-
Notifications
You must be signed in to change notification settings - Fork 2.6k
Open
Labels
core[Component] This issue is related to the core interface and implementation[Component] This issue is related to the core interface and implementation
Description
Is your feature request related to a problem? Please describe.

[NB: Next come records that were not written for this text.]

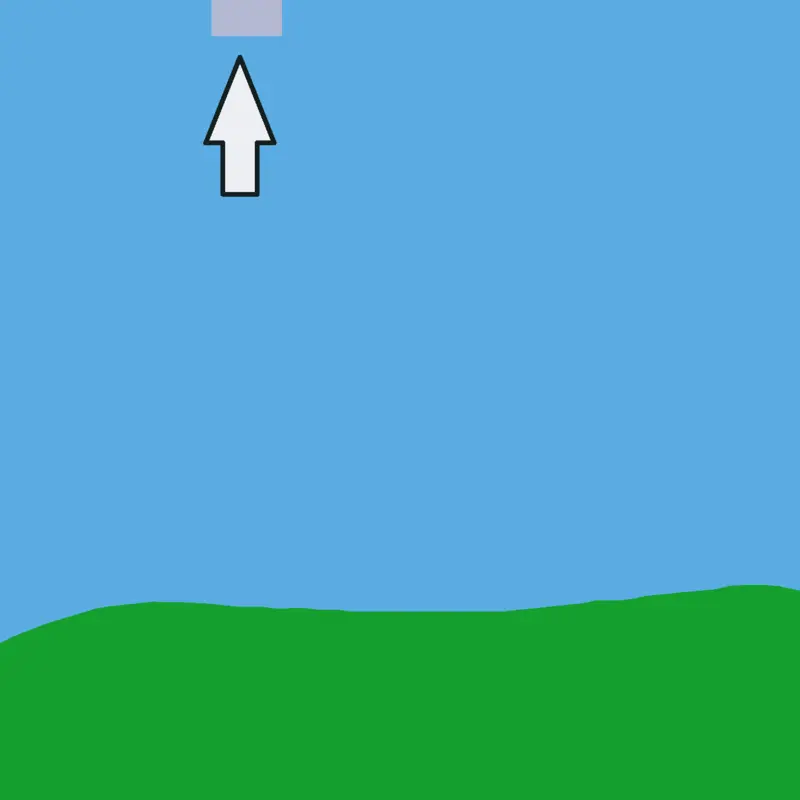 Game by @cbs_2025YT
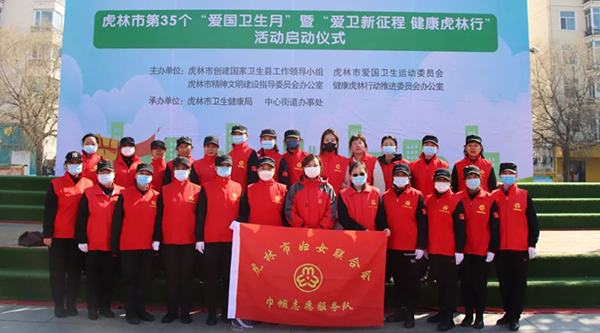 bifa·必发(中国)唯一官方网站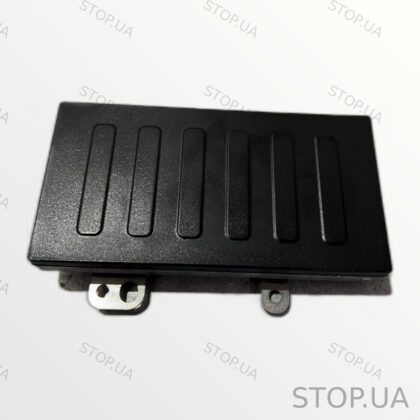 M1PT19J235AA модуль зарядного устройства Модуль зарядного устройства для бе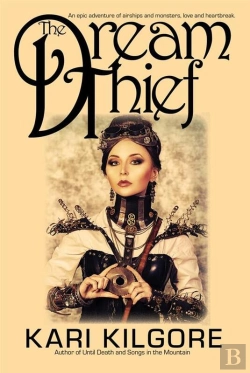 Bertrand.pt - The Dream Thief
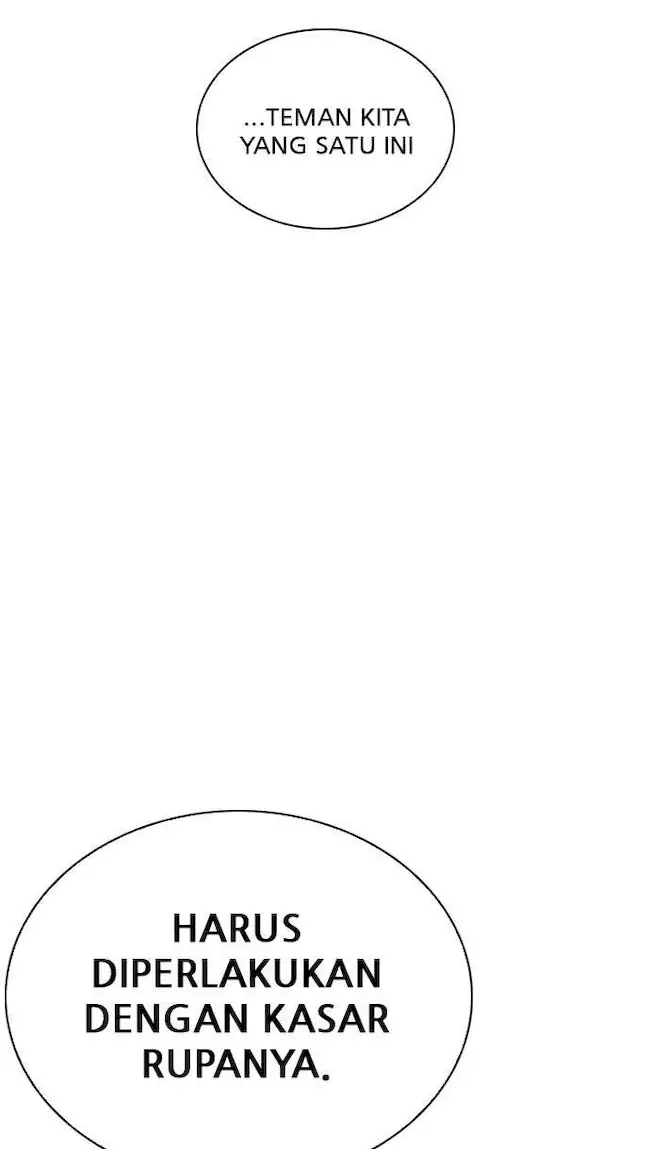 Lookism Chapter 264 Gambar 14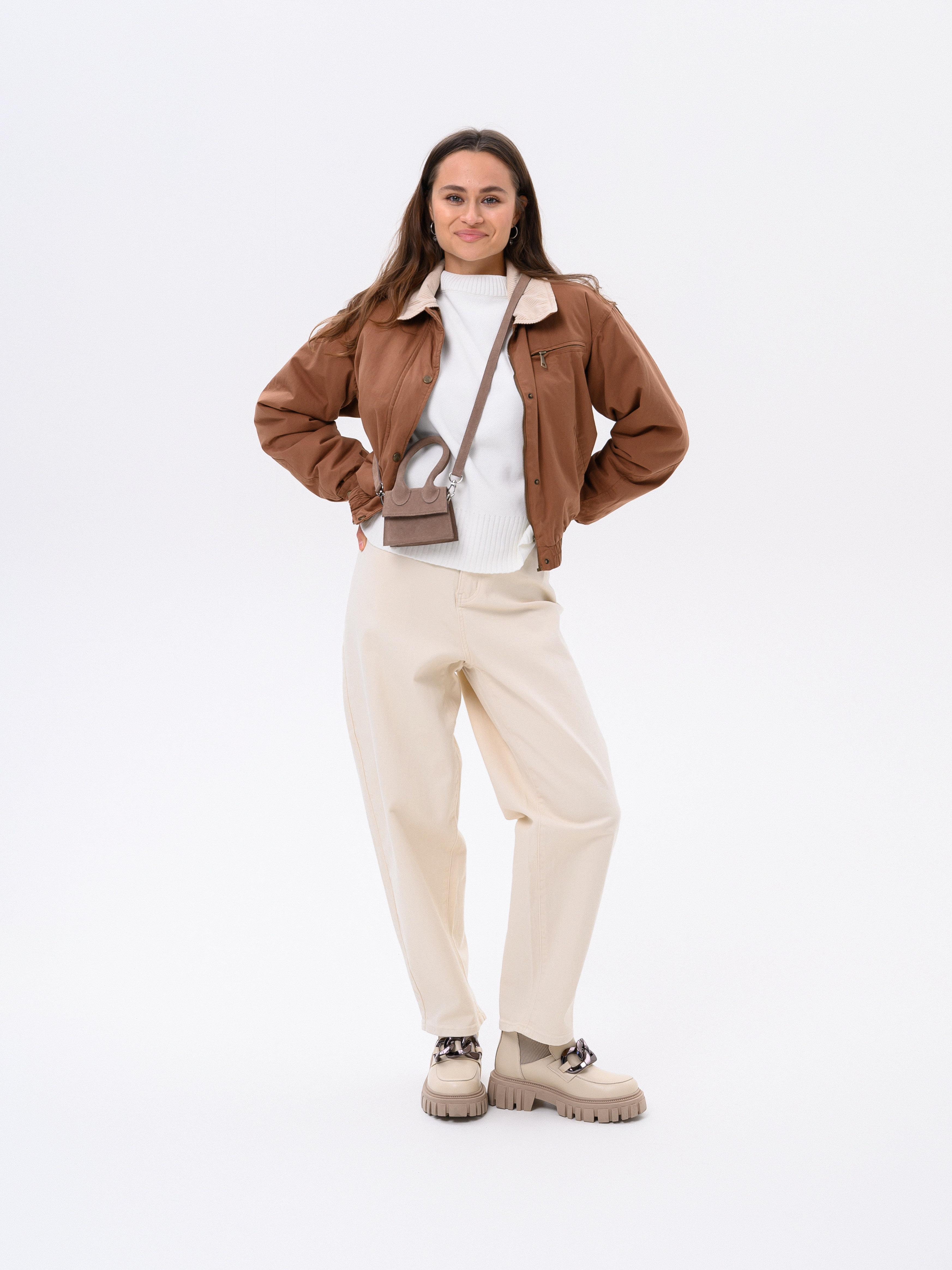 картинка Челси 348.21153'be. beige от интернет магазина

Yes. The existing ContextFilterPlugin only keeps N invocations but doesn't consider:
- Actual Token Count: It only counts invocations, not actual tokens. A single invocation with a large tool response could exceed context limits
- Relevance: It removes important context while keeping less relevant content based only on recency
- Context Window Pressure: No proactive management before hitting limits - it only filters after the fact
- No Token Awareness: Can't optimize for token efficiency when context is getting full
# ContextFilterPlugin keeps last 5 invocations
# But one invocation might have a 10k token tool response
# While another has just 100 tokens
# Result: Context exceeds limits even with only 5 invocations
Describe the solution you'd like
Enhance ContextFilterPlugin with token-aware and relevance-based filtering:
class SmartContextFilterPlugin(BasePlugin):
"""Intelligent context filtering based on tokens and relevance."""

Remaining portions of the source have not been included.